Taxonomic affiliation, using the lowest common ancestor algorithm (LCA), of 22 enzyme-encoding genes involved in transformation of lignin and its derived aromatic compounds in a WS1-M and b CS-M microbial consortia. Data in top panel are normalized functional diversity values (OFUs, operational functional units/thousands of annotated reads) obtained by clustering the sequences in each gene at 97% (line) and 99% (dashed line) similarity

Recently, Moraes et al. [18] have developed a lignin-degrading microbial consortium composed of 355 bacterial types. Based on 16S rRNA amplicon sequencing data, they demonstrated that around 50% of the total consortium comprised Achromobacter (Alcaligenaceae family), Paenarthrobacter (novel Actinobacteria able to transform lignin), Pseudaminobacter, and Paenibacillus species. These taxa were enriched in the consortium compared with sugarcane soil inoculum. Based on the metabolic functional profile unveiled by metagenomics, they showed that species from Actinobacteria and Proteobacteria contain putative novel enzyme-encoding genes involved in the metabolism of lignin. For instance, peroxidases and laccases were frequently found in Actinobacteria. In contrast, both taxa have the potential to metabolize lignin-derived phenolic compounds.

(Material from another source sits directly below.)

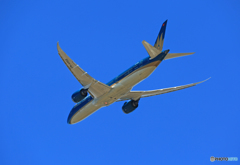 「青い空」が一番 Vietnam 787-9 VN-A866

Moreover, Granja-Travez et al. [14] state that exist a high diversity of mechanism for lignin oxidation process in different bacteria and not just one class of enzyme carry out this function in all microbial systems. These observations suggest that lignin transformation is a process in which multiple microbes are involved. However, the intracellular catabolism of its derived aromatic compounds could be a specialized job, in which particular taxa can metabolize specific lignin-derived intermediates.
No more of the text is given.